- _Short text fragments from websites_:
---
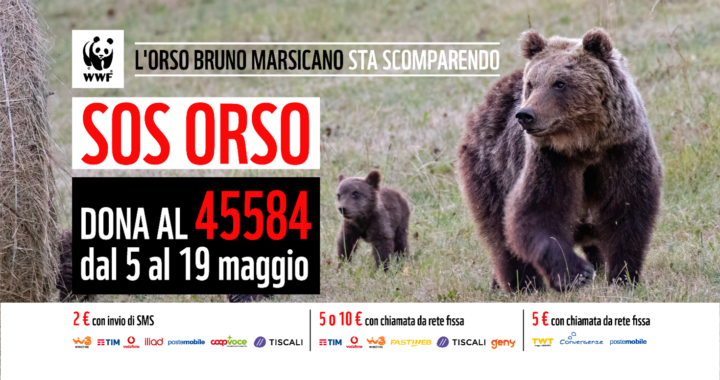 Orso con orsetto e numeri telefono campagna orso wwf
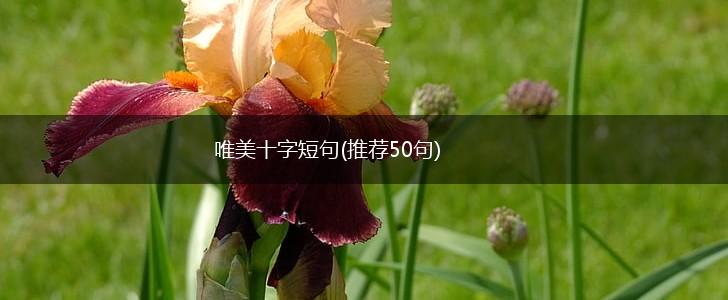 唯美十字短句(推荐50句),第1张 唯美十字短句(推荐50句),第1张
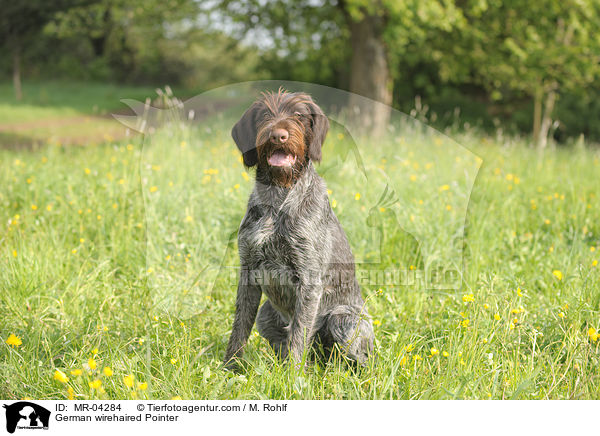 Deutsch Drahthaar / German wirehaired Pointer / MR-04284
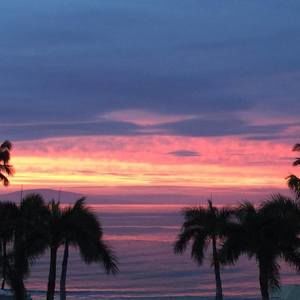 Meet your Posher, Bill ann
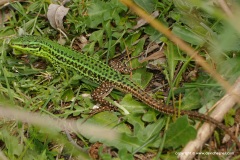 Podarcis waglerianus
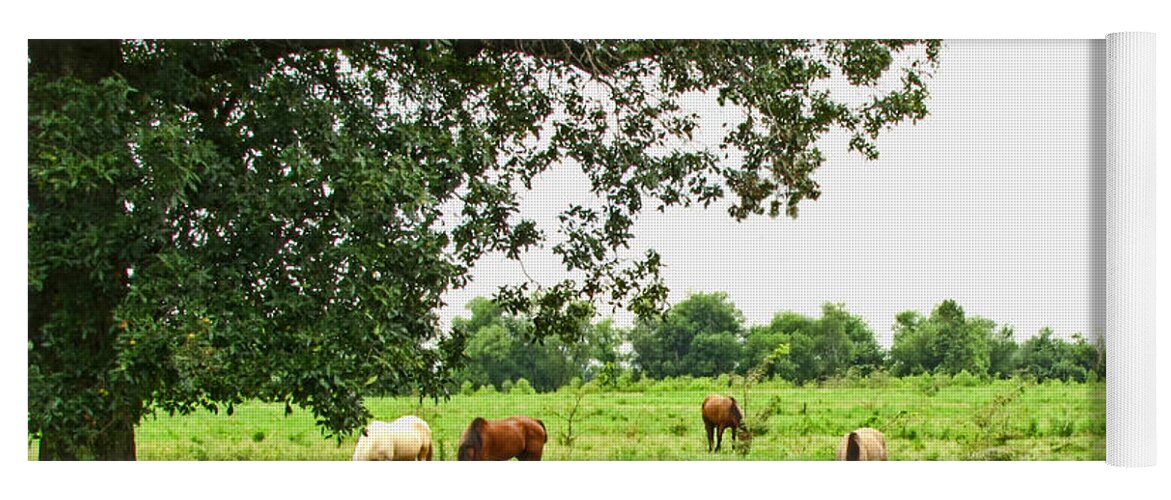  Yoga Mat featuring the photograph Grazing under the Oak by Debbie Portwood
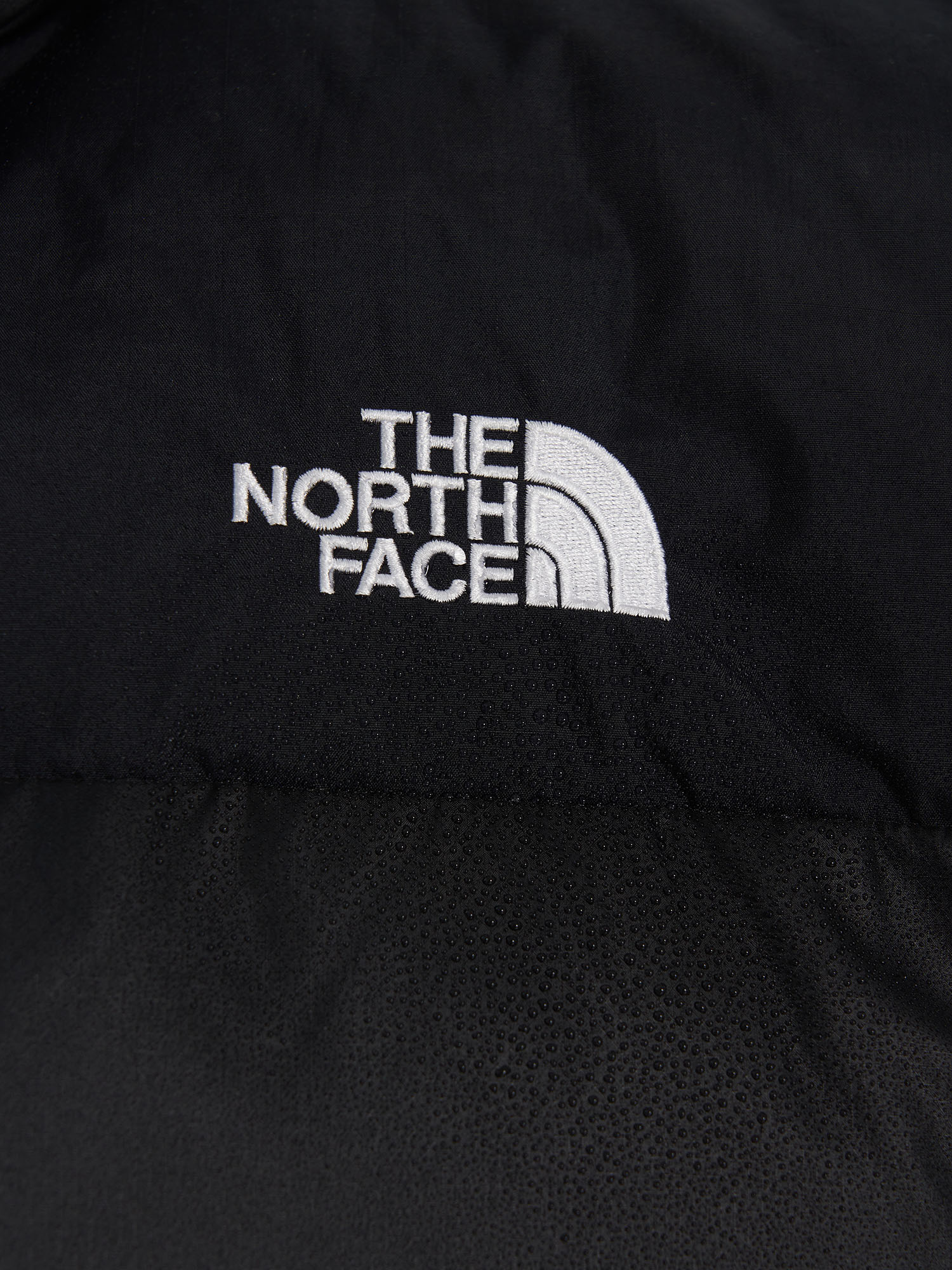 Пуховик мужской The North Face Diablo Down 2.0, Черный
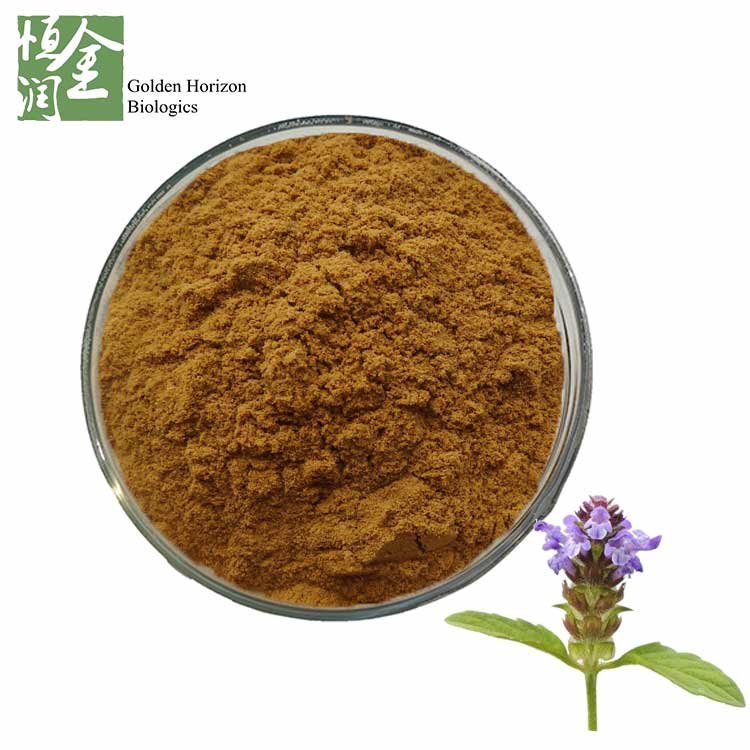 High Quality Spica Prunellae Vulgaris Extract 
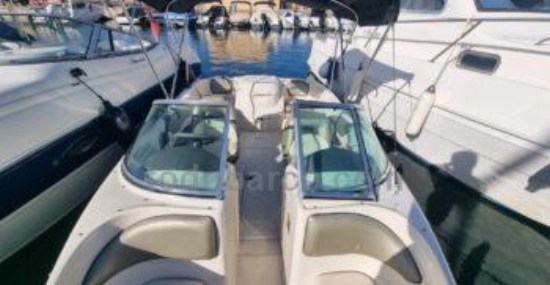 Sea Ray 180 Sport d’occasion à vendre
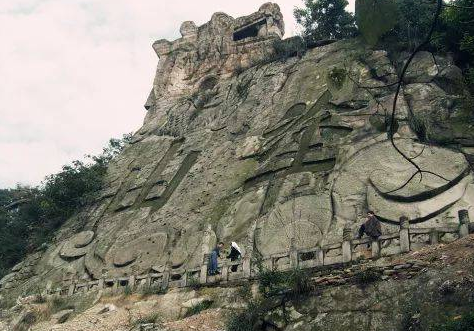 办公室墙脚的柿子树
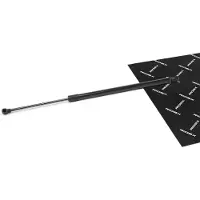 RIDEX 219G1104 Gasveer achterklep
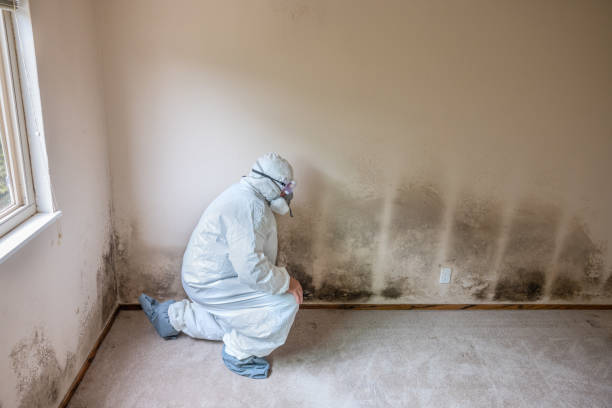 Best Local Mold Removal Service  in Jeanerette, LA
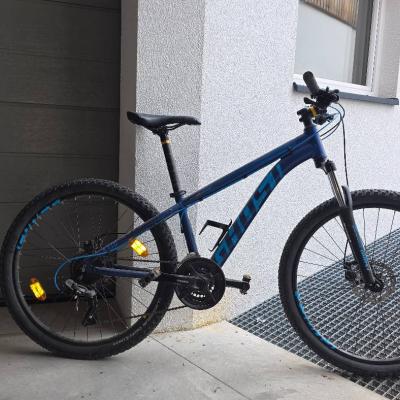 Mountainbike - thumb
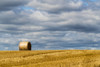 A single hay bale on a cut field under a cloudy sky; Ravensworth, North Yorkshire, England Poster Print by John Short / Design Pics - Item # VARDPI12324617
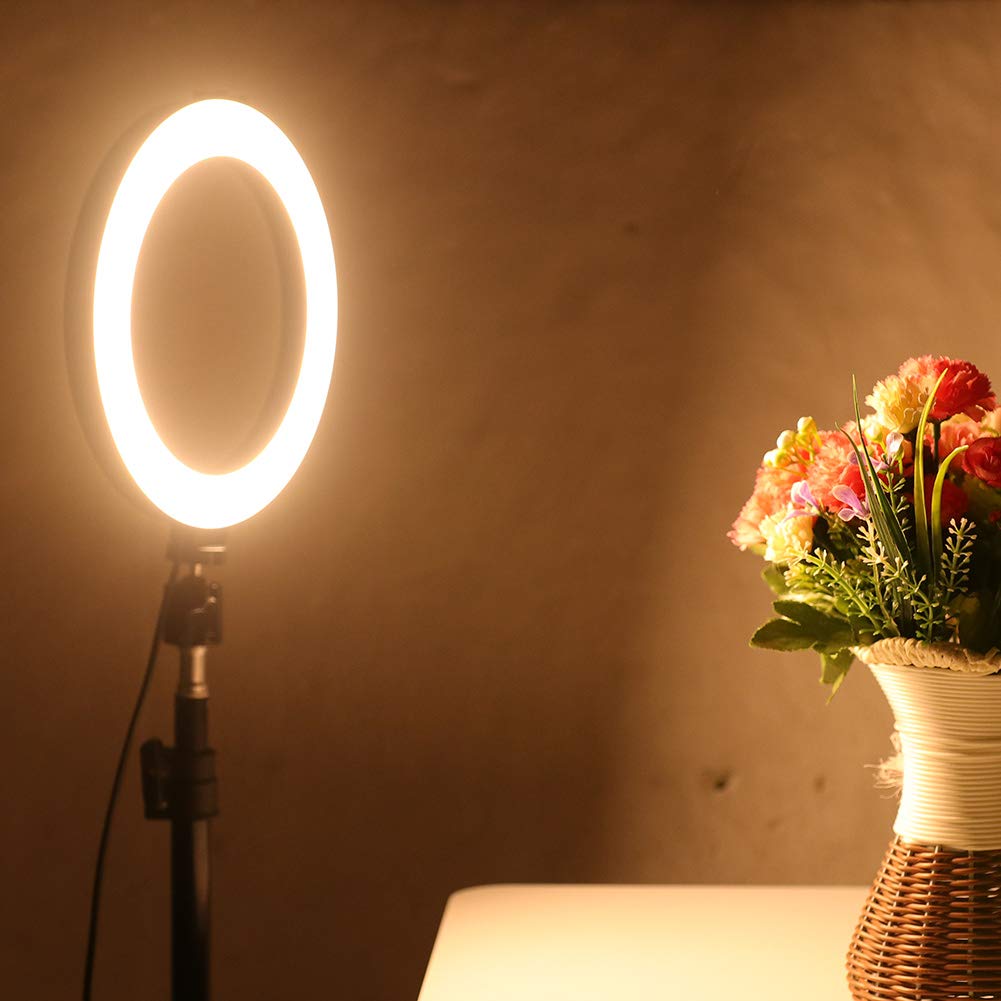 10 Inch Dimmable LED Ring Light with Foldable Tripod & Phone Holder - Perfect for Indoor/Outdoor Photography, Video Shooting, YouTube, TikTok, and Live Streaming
---
- _How to complete this task_:
Copy exactly, please, every line from the one holding "唯美十字短句(推荐50句),第1张 唯美十字短句(推荐50句),第1张" through the last line of the data, both ends included, and no pictures.

- _Your solution_:
 唯美十字短句(推荐50句),第1张 唯美十字短句(推荐50句),第1张
 Deutsch Drahthaar / German wirehaired Pointer / MR-04284
 Meet your Posher, Bill ann
 Podarcis waglerianus
  Yoga Mat featuring the photograph Grazing under the Oak by Debbie Portwood
 Пуховик мужской The North Face Diablo Down 2.0, Черный
 High Quality Spica Prunellae Vulgaris Extract 
 Sea Ray 180 Sport d’occasion à vendre
 办公室墙脚的柿子树
 RIDEX 219G1104 Gasveer achterklep
 Best Local Mold Removal Service  in Jeanerette, LA
 Mountainbike - thumb
 A single hay bale on a cut field under a cloudy sky; Ravensworth, North Yorkshire, England Poster Print by John Short / Design Pics - Item # VARDPI12324617
 10 Inch Dimmable LED Ring Light with Foldable Tripod & Phone Holder - Perfect for Indoor/Outdoor Photography, Video Shooting, YouTube, TikTok, and Live Streaming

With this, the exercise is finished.